Editorial  

Indian impact on Lanka
The resonance and the vibrations of the surprise and momentous election victory of the Ms. Sonia Gandhi-led Congress Party in neighbouring India will surely be felt in Sri Lanka in next to no time. Already, Sri Lankan political leaders are packing their bags to out-fly the other to pay homage at the feet of the new leaders of the world's largest democracy. There is no indecent hurry, really.

The entry of Ms. Gandhi will see a new phase in Indo-Lanka relations. Though brother Mr. Anura Bandaranaike has already beaten her to it, President Chandrika Kumaratunga no doubt will re-kindle the flame of old family ties between the Gandhis and the Bandaranaikes and the similarities of two widows with two children, whose young husbands were assassinated by a Sri Lankan terror group should not be lost in the correspondence.

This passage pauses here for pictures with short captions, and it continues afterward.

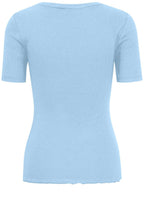 Vista Blue Fine Ribbed T Shirt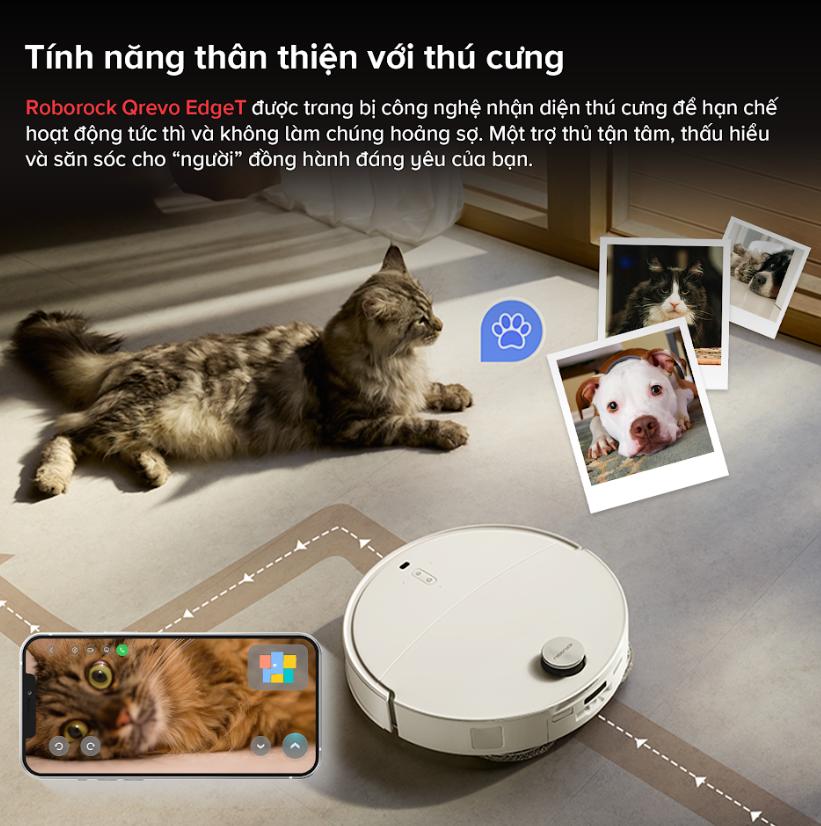 Robot Hút Bụi rảnh tay Roborock Qrevo EdgeT: Siêu Mỏng 7.98cm, Lực Hút 18.500Pa, Trạm Sạc 8 Trong 1, Lau xoay giẻ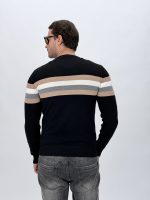 Detaliu dungă și model bob pulover tricot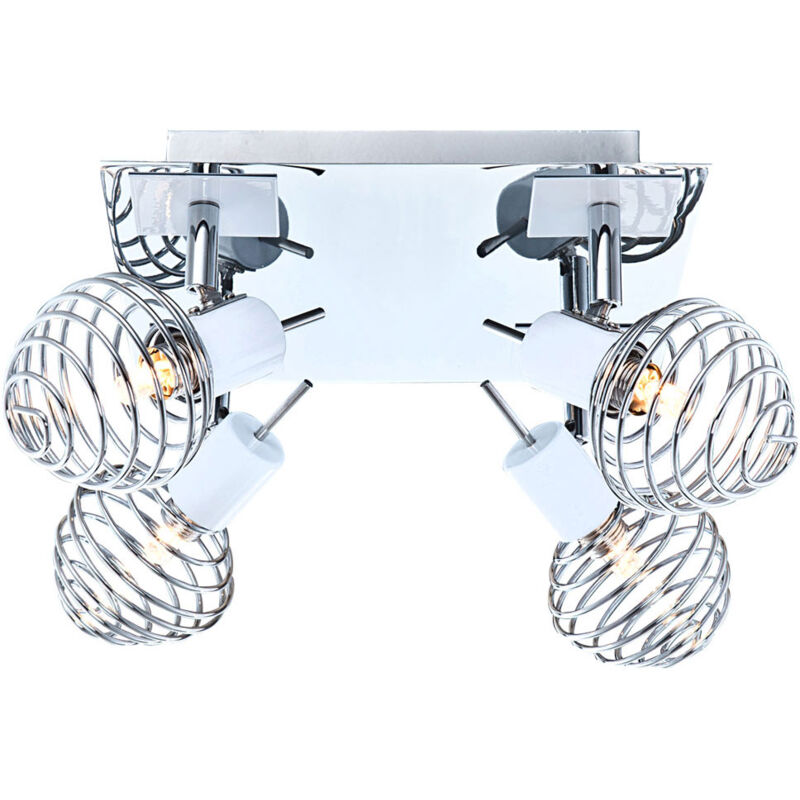 Globo - Eclairage de plafond spot boule spirale chrome 4x spot lampe G9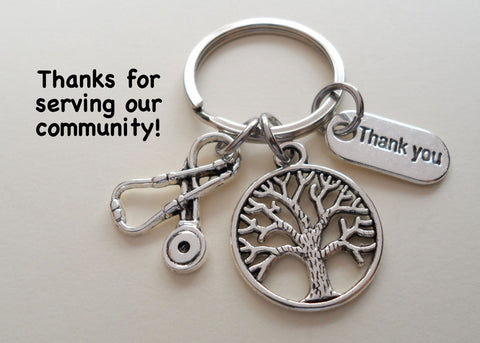 Medical Professional Charm Keychain, Nurse Appreciation Keychain With Small Tree & Stethoscope Charm with Thank You Charm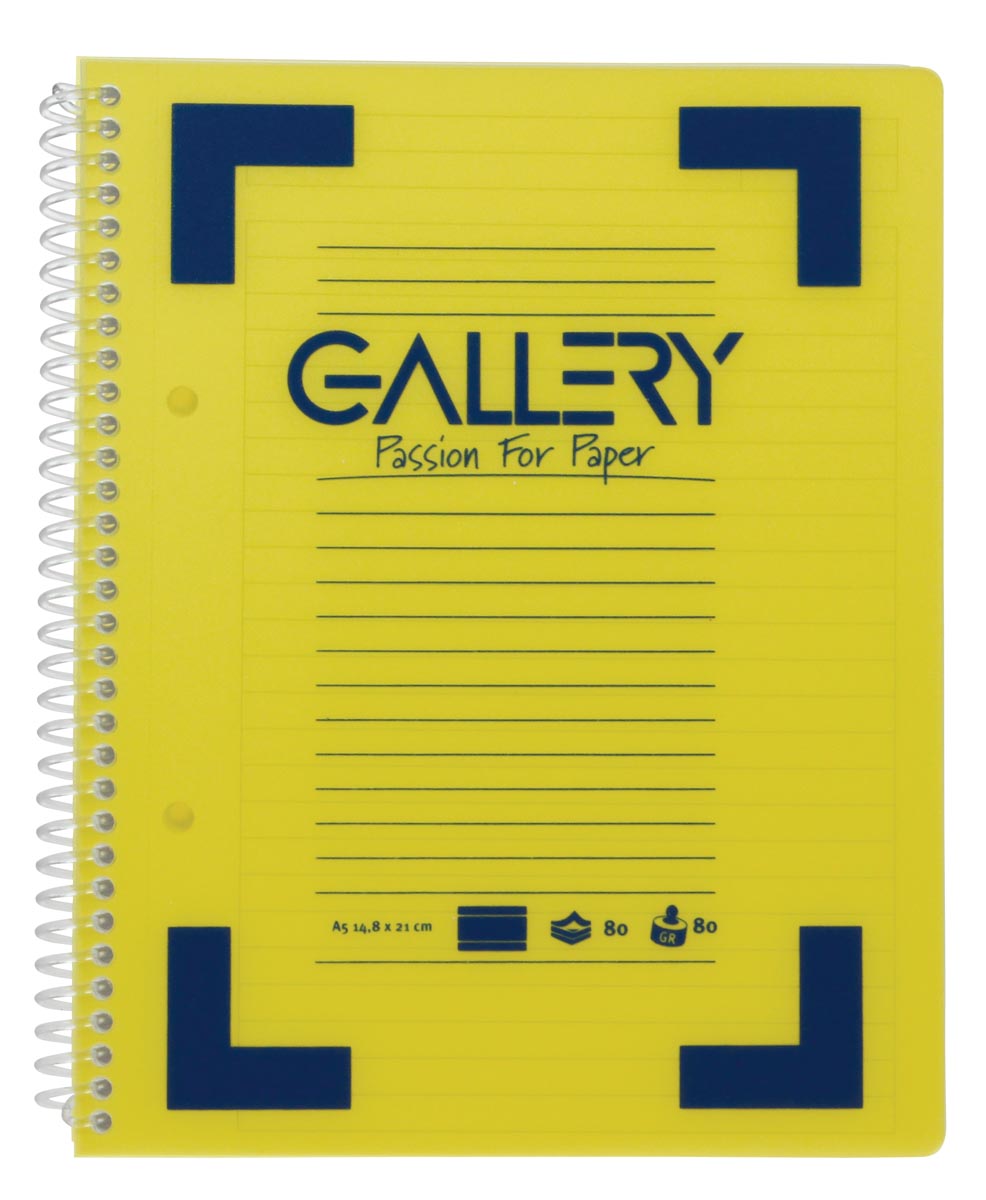 Gallery Traditional spiraalschrift ft A5, gelijnd, geassorteerde kleuren, 160 bladzijden-3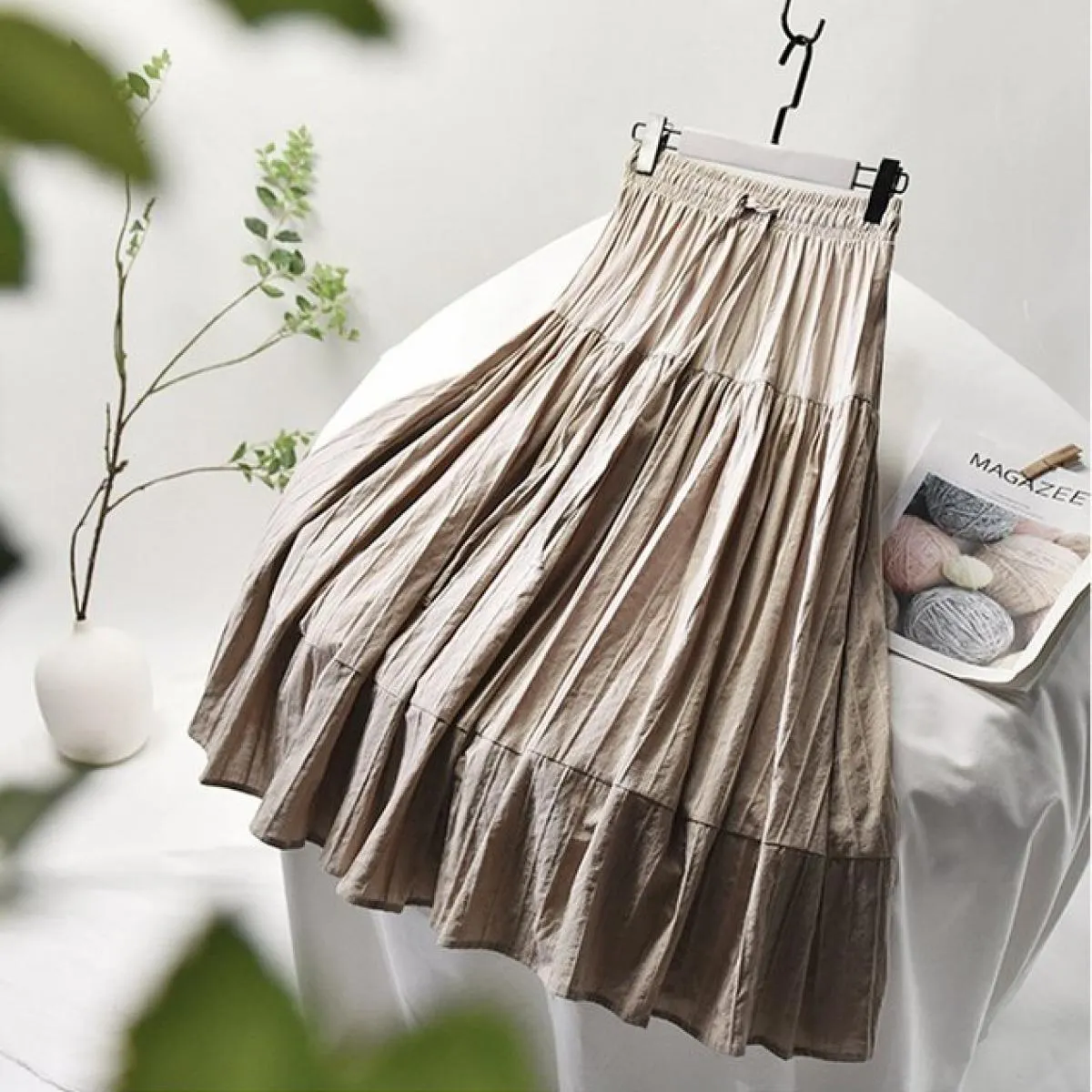 Gonna longuette in cotone a righe verticali eleganti da donna Gonna longuette a pieghe a vita alta femminile bianca Aline Estate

There is a greater need for Sri Lankan political leaders to recognise that the new Indian Prime Minister will surely take a hardline on the LTTE, especially for killing her husband. This has been acknowledged to some extent by Foreign Minister Lakshman Kadirgamar's remarks in Washington this week that he expects the new Indian Government to press for the extradition of the elusive LTTE leader. At the moment, however, President Kumaratunga is blatantly placating the LTTE in a desperate bid to re-start peace talks and win international support before the June 3 Brussels donor conference.

While not having to pay 'pooja' to India, as Sri Lankan leaders have been prone to do in recent years and weeks, there is equally a need to ensure that Sri Lanka is not out-of-step with India's justifiable concerns. A bi-partisan think-tank of India-watchers is a sine qua non for Sri Lanka that has long relied on individual preferences, family connections and knee-jerk reactions to relations with India. Mr. Bandaranaike in his letter dashed off to the new Indian leader talks of the great Gandhi-Bandaranaike ties. What use were these ties if Mrs. Indira Gandhi unleashed this bloody north-east separatist insurgency and her son Rajiv sent his Air Force to stop the Sri Lankan army from defeating the LTTE at Vadamaratchchi in 1987 when we may have seen an end to this brutish civil war.

The vanquished Indian leader Atal Bihari Vajpayee has bowed out gracefully. Almost a carbon-copy to what happened here last month, the ruling party of India believed an unprecedented 7 per cent growth rate, proliferation of mobile phones and sleek super highways would carry them back to office on the shoulders of the cheering multitude. BJP’s ' India Shining ' slogan like, UNF's ' Regaining Sri Lanka , attracted only the urban economy, neglecting the rural folks.

The lesson from both Sri Lanka and India is that the benefits of rapid economic development must have a human face. Fashionable terms like ' fast-tracking' etc., were seen- definitely in Sri Lanka - as excuses for a few rich kids to break the rules and become richer prostituting the name of development.

To expect to have India's BJP have their economic reforms impact on the teeming millions of poverty-ridden Indians is more than a trifle unfair. To have expected economic benefits to flow to the poor in two years, in Sri Lanka, is more than unfair.

Both, the BJP and the UNF adopted a pro-US stance to attract investment, struck peace deals with Pakistan and the LTTE respectively,and if there was a difference, it was in the area of world trade and subsidies for agriculture, where the BJP broke ranks with the US, but where the UNF slavishly followed the US.

And yet, both these parties did raise the economies, placed as they are, among the poorest of the poor in the comity of nations on Planet Earth. Despite progressing instead of regressing, the rural poor have humbled them. The obvious issue for the new governments though would be how to retain or improve on the economic gains via growth rates and keep the peace with the poor in a uni-polar pro-US world.

Clearly recognising this fact, Sri Lanka sent her Foreign Minister to Washington within the first month of assuming office, and in his words “to remind them (the US) that we are there". And the US, as all know, will not help without extracting its pound-of-flesh. But to the masses of India, must go the credit for their maturity to reject a virulent campaign against the Italian-born Ms. Gandhi. Even to the great pretenders to the great democratic ideals like the US, the remote possibility of electing a black President would be a long way off.

And who knows, whether this could be the beginning of a trend for democracies around the world to elect, by popular vote, in time to come, a foreign CEO/Head of Government to efficiently manage countries ruined by its own sons and daughters of the soil.